Il ne faut pas oublier que les députés ont des comptes à rendre à leurs électeurs afin de s’assurer une continuité. Sans oublier la file d’attente des gens qui demandent un soutien financier. Que peut supporter cette caisse lorsque parfois, comme on l’a vu ces dernières années, vous pouvez avoir plus de 3 élections en l’espace de 3 ans et que chaque campagne électorale vous coûte des dizaines de milliers de dollars et que les campagnes de financement du député s’en trouve totalement restreinte et encadrée par des lois de plus en plus sévères ? Que dire également de l’humeur de certains journaux qui ignorent souvent des communiqués de presse qui, parfois, contiennent des éléments essentiels pour la population, le député risquant ainsi de passer pour quelqu’un qui ne fait rien ?
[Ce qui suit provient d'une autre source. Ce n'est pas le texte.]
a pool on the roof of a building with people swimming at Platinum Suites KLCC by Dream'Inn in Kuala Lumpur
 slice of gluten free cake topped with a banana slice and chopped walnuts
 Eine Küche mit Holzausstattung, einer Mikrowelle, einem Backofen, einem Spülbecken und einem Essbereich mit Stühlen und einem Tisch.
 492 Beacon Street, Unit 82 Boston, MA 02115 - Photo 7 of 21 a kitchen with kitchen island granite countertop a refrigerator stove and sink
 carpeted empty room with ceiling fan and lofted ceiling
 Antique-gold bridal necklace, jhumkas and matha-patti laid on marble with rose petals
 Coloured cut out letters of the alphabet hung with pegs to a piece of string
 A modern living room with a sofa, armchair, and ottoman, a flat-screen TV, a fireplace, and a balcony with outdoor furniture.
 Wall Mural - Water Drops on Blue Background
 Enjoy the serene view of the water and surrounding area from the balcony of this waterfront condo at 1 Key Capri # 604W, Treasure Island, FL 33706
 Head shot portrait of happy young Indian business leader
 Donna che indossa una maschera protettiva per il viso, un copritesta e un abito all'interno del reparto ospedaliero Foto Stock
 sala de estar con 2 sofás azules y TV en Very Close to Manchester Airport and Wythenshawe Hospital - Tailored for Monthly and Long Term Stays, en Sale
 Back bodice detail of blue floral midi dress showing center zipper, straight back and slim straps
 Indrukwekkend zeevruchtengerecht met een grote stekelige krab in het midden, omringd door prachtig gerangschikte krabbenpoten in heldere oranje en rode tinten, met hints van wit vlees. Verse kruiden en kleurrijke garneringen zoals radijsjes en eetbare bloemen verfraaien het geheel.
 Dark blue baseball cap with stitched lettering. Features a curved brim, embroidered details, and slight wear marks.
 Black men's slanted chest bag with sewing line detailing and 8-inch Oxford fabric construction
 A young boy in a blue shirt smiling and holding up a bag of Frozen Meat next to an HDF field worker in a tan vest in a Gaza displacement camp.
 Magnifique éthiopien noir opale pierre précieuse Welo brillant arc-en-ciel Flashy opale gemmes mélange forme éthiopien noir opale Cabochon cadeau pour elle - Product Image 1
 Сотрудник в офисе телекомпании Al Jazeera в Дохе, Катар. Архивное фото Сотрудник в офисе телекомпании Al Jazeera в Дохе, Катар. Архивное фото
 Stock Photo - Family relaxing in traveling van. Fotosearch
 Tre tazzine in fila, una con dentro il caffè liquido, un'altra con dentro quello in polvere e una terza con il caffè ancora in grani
Que dire également d’une vie privée qui prend le bord, où vos adversaires n’attendent que la moindre occasion pour établir votre arbre généalogique ? Que dire également de votre liberté d’expression et d’opinion lorsque vous devez obligatoirement vous soumettre à la ligne de votre parti sous peine de sanctions par celui-ci ? Que dire lorsque votre salaire en prend un coup à force de vouloir plaire à tout le monde en contribuant un peu ici et là ? Que dire lorsque l’ensemble de la population connaît vos allégeances politiques ? Finalement, que dire d’une profession qui n’offre aucune sécurité d’emploi où la base militante peut vous mettre à la porte aussi facilement qu’elle vous a permis d’y rentrer ou que les électeurs peuvent vous remercier du jour au lendemain lors d’une élection sans aucune raison simplement parce qu’il vous tienne coupable par association suite à un scandale ? Mais, que dire dans un monde où vos amis peuvent facilement devenir vos ennemis ?
Quoi qu’il en soit, il reste qu’il y a des exceptions dans tout cela.
Le jour où l’on reconnaîtra le dévouement de nos politiciens et qu’on leur accordera un peu plus d’attention, ils nous rendront probablement la pareille en embellissant un peu plus l’image de la politique. Bref, se lancer en politique nécessite beaucoup plus de courage, de patience et de sacrifices que certains ambitieux seraient tentés de le croire.